Dear Human Resource Managers (and other interested management):
How many times has an employee complained to you that he or she was not being paid fairly? Certainly, at least once and possibly more. What was your impression of the complaint? Did you immediately disagree? Did you understand what the employee was actually complaining about? Did you believe the complaint to be accurate? Did you have any idea what to do?

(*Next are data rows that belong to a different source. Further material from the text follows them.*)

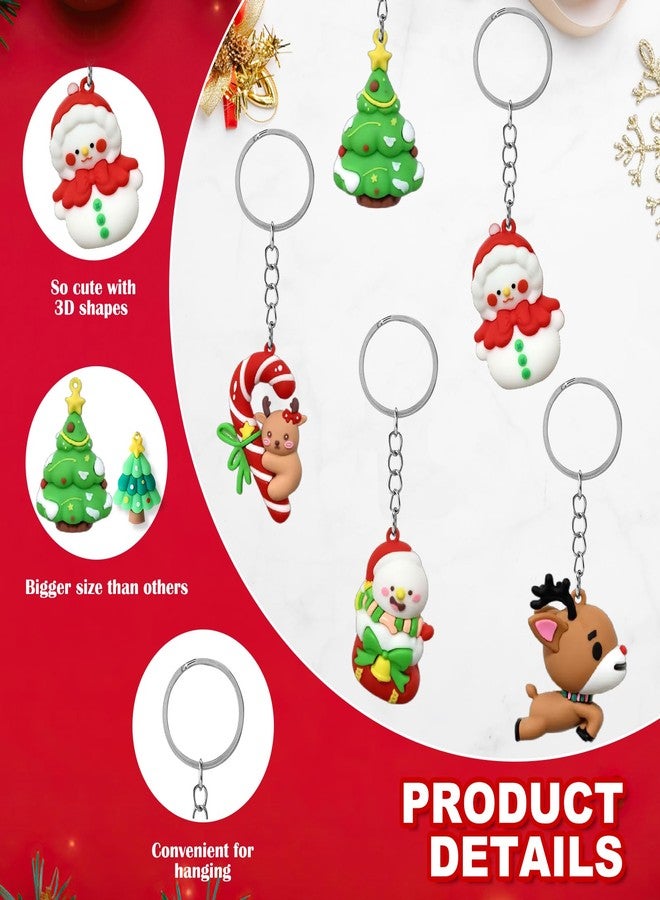 Becfupo 12 Pcs Christmas Rubber Keychains Bulk, Cute Plus-Sized Snowman Xmas Tree Santa Claus Ornaments With Keyrings For Christmas Holiday New Year Party Decoration - Image 3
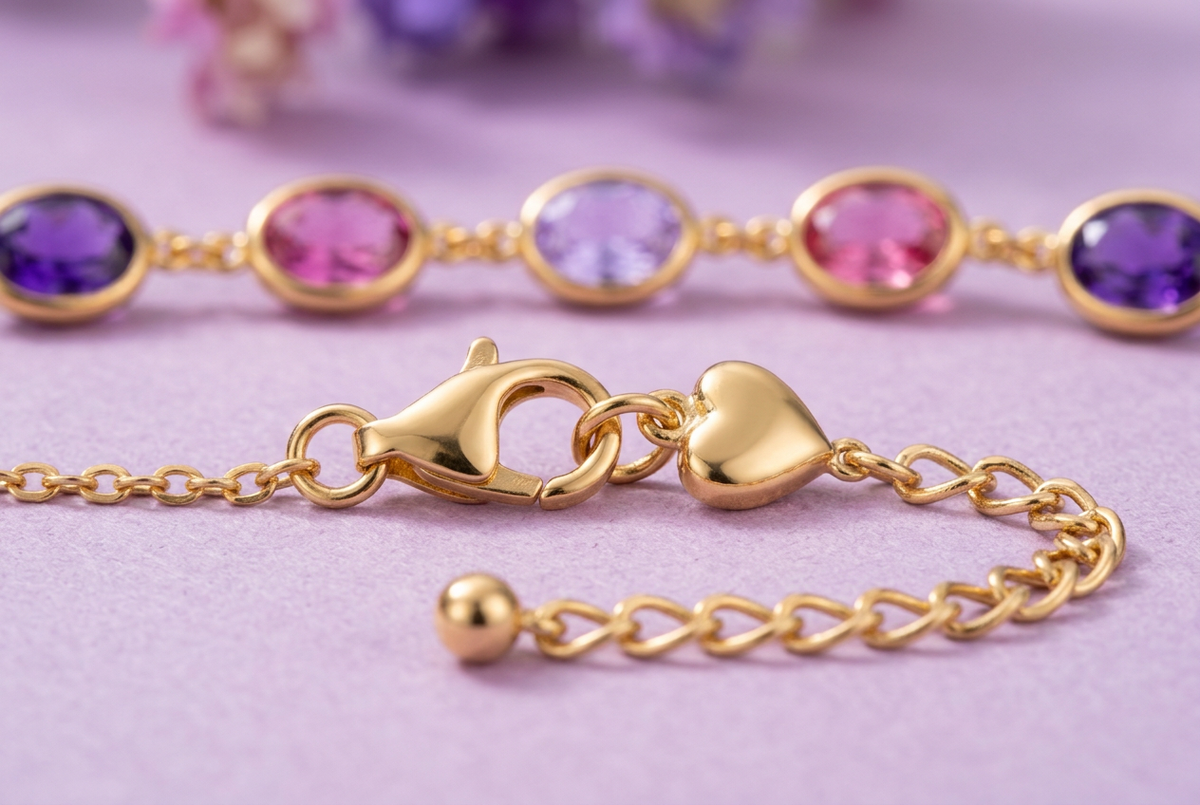 Close-up of gold-tone lobster-style clasp heart charm and extension links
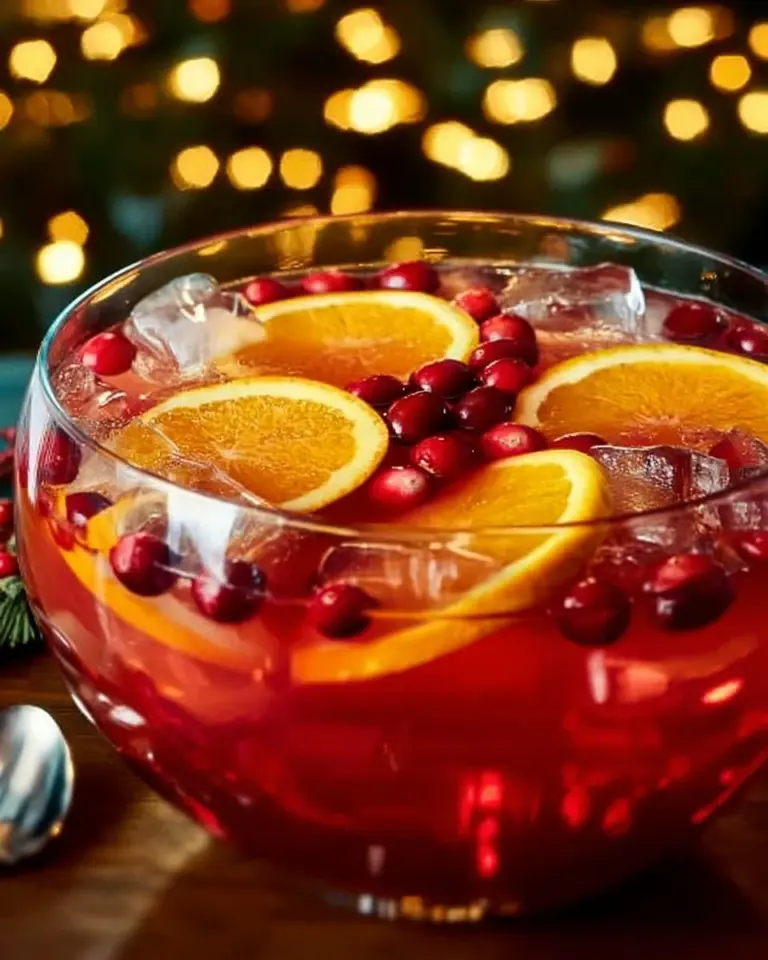Festive holiday spiked punch cocktail in a glass with garnishes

Despite the California Equal Pay Act being enacted in 1949, unequal pay in the workforce is not a myth but a reality. (Yes, it was 1949.) Unequal pay is a problem for employers and employees even after nearly 70 years of laws against it. A recent report found that as of 2013, female employees in California earned on average 84 cents on the dollar compared to male employees. Women of color fare even worse with African-American women earning 64 cents on the dollar and Latina women earning 44 cents on the dollar. California’s working women lose $33 billion per year as a result of the wage gap. These are troubling statistics that should cause concern among human resource managers.
While wage and hour class actions and challenges to arbitration clauses continue to dominate employment litigation, the next wave of lawsuits could be unequal pay claims. Prior to the January 1, 2016 amendments to the California Equal Pay Act [Gov. Code, sec. 1197.5], the most recently published California appellate court decision regarding unequal pay was in 2003. Notably, only four cases that directly concern unequal pay claims have been published in California since 1968, which suggests that unequal pay litigation has not been significantly pursued. Moreover, in just one of the four published cases was the employee successful in proving an unequal pay claim.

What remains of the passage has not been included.